WHAT IS BEING ASKED - Identify all lines in the data containing the string "ideias". Copy them out.

INPUT -
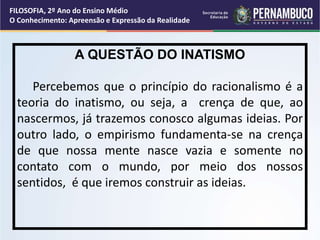 A QUESTÃO DO INATISMO
Percebemos que o princípio do racionalismo é a
teoria do inatismo, ou seja, a crença de que, ao
nascermos, já trazemos conosco algumas ideias. Por
outro lado, o empirismo fundamenta-se na crença
de que nossa mente nasce vazia e somente no
contato com o mundo, por meio dos nossos
sentidos, é que iremos construir as ideias.
FILOSOFIA, 2º Ano do Ensino Médio
O Conhecimento: Apreensão e Expressão da Realidade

RESULT -
nascermos, já trazemos conosco algumas ideias. Por
sentidos, é que iremos construir as ideias.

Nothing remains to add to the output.